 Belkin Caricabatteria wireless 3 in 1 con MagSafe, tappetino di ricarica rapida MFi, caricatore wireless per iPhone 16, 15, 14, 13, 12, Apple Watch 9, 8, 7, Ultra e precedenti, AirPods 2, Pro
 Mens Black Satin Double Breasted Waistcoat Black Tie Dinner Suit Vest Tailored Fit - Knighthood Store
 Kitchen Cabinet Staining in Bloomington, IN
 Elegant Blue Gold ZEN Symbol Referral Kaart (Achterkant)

==

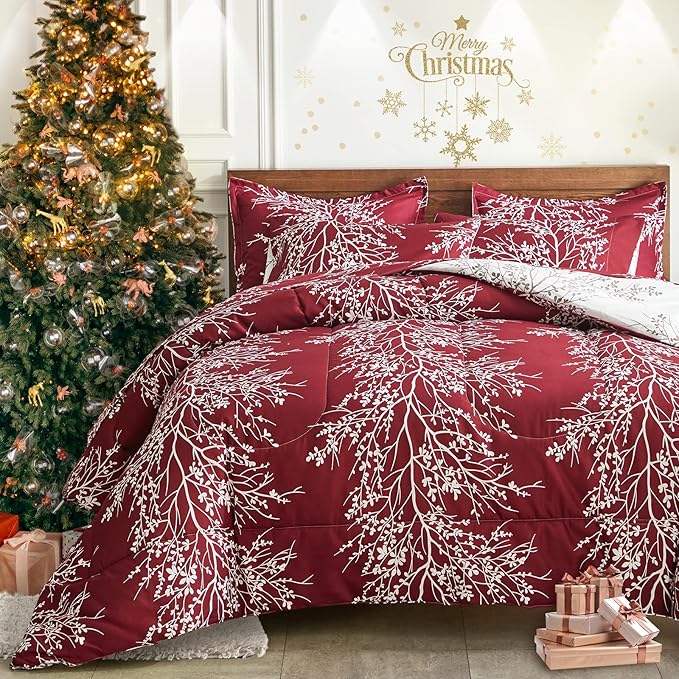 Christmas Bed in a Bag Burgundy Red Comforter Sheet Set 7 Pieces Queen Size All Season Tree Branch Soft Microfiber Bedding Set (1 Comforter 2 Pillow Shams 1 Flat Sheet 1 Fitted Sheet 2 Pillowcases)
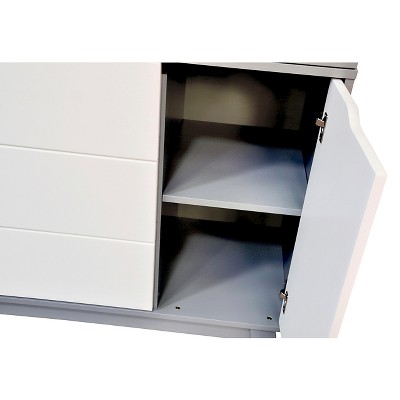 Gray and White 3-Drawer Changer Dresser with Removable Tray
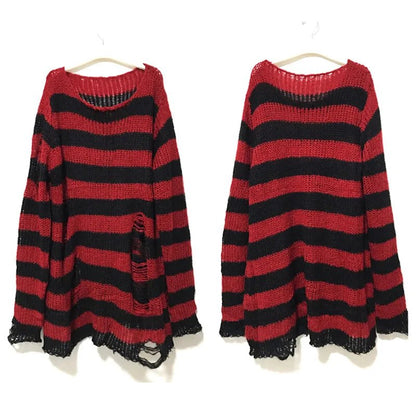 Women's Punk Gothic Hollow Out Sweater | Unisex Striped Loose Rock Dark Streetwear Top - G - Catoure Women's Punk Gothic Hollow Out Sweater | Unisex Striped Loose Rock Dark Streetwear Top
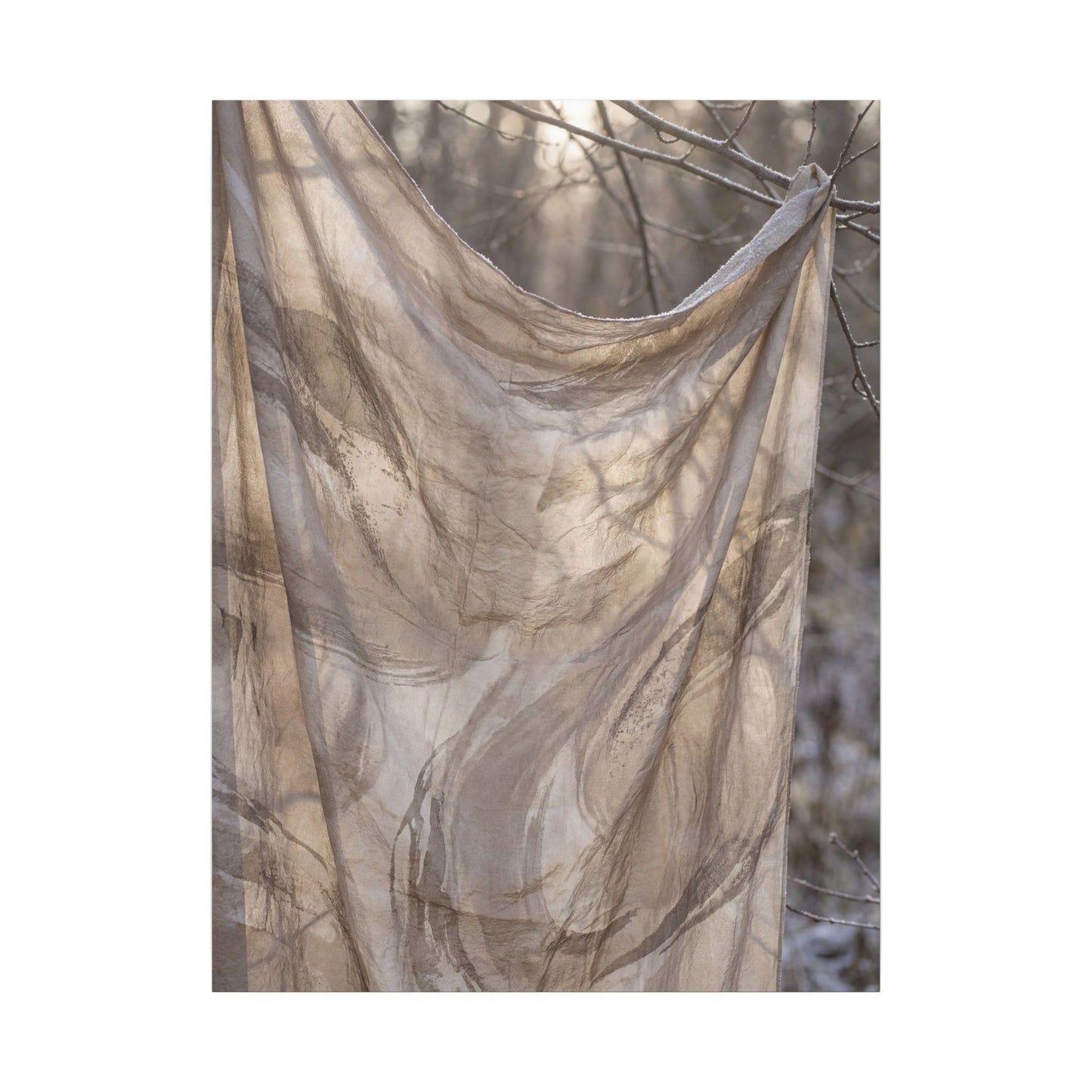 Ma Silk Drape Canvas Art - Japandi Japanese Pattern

---

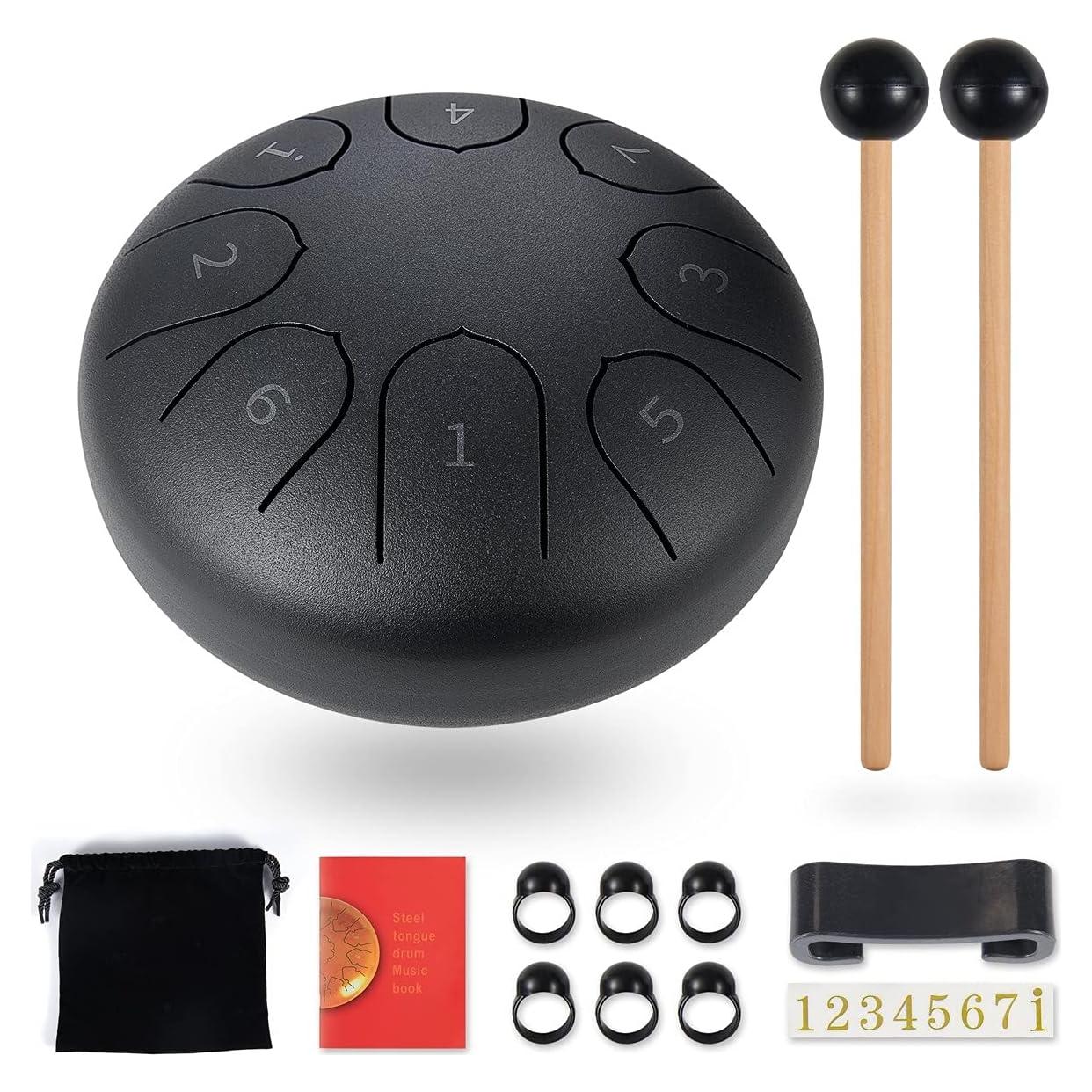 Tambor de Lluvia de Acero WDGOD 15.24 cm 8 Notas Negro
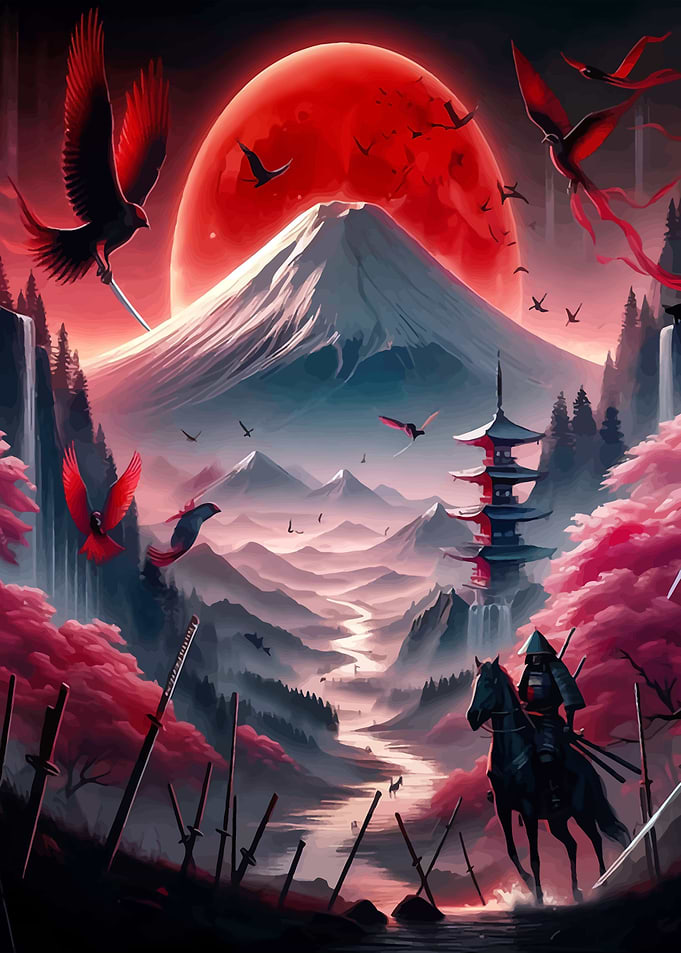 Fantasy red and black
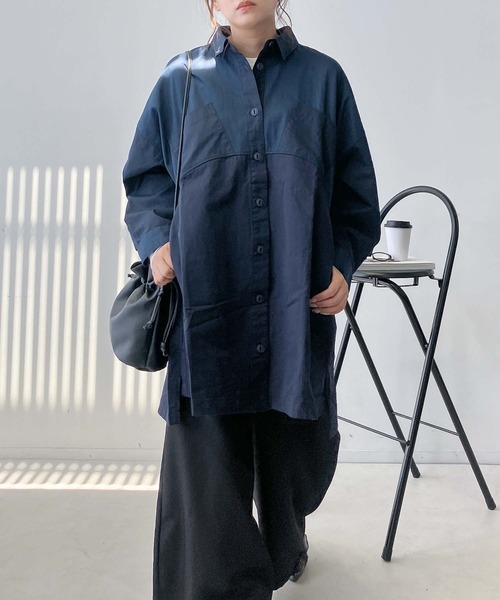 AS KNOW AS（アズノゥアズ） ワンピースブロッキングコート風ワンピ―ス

**What you are asked to do:** Find the line with "Kitchen Cabinet Staining in Bloomington, IN" in the entries above. Retype it and each line after it, exactly, through the line with "Elegant Blue Gold", and stop there.

**Result:**
 Kitchen Cabinet Staining in Bloomington, IN
 Elegant Blue Gold ZEN Symbol Referral Kaart (Achterkant)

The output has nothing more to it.